減反廃止 農家の不安払拭が先決

 5年後の2018年度をめどに、コメの生産調整(減反)が廃止される。自民、公明両党が政府案を大筋で了承した。

 減反は1970年に始まった。約半世紀ぶりの農業政策の大転換である。コメを作らなくとも補助金が受けられる仕組みには、農政の矛盾が凝縮されていた。43年間続く中で農業の衰退は否めず、見直しは不可避とする見方が増幅されてきた。
 だが、安倍政権下の産業競争力会議の農業分科会で、民間議員の新浪剛史ローソン最高経営責任者が減反廃止論を唱え、減反見直しが本格論議されてからわずか2週間余しかたっていない。
 早くも小規模零細農家の切り捨てにつながりかねないという懸念が噴き出しており、農政大転換の節目にしては、議論は生煮えのままではないか。
 減反廃止の背後には、環太平洋連携協定(TPP)交渉をにらみ、農業の国際競争力を強くする思惑がある。TPP交渉でコメなどの聖域の関税死守さえ不透明な情勢の中、日本の農業と農村をどう維持し、再生するかという本質論議が尽くされたとは言い難い。減反廃止の拙速感は拭えない。
 減反は、主食のコメが生産過剰となり、価格が下がらないように国主導で実施されてきた。

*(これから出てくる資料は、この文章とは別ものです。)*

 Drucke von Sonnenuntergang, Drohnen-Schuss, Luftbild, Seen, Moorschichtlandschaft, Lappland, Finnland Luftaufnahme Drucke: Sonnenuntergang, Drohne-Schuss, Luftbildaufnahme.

農家収入と農村雇用の安定がもたらされた一方、作りたいだけ作れない生産者の意欲低下やコメ価格の高止まりなどの負の遺産も残してきた。
 減反廃止に向け、減反への参加を条件に、作付面積10アール当たり1万5千円が支給されている現行額を7500円か5千円に引き下げる。北海道で作付面積10ヘクタール以上、他都府県で4ヘクタール以上の大規模農家に限定することが検討され、減反廃止に伴い、その支給を止める案が浮上している。
 要するに、中小零細農家を離農させ、大規模農家に農地を集約することで生産性を高めることが狙いである。対案として検討されている零細農家向けの直接支払制度の制度設計は緒に就いたばかりだ。農家の不安を丁寧に払拭(ふっしょく)すべきだ。
 全国の中山間地の小規模農地で稲作を支えるのは高齢者が大半だ。稲作は洪水防止や景観保全などにも寄与し、集落維持の機能も果たしてきた。地方と農家の声を無視した、中央主導による減反廃止は危うい。農業再生の未来像を示すことが最低限の条件ではないのか。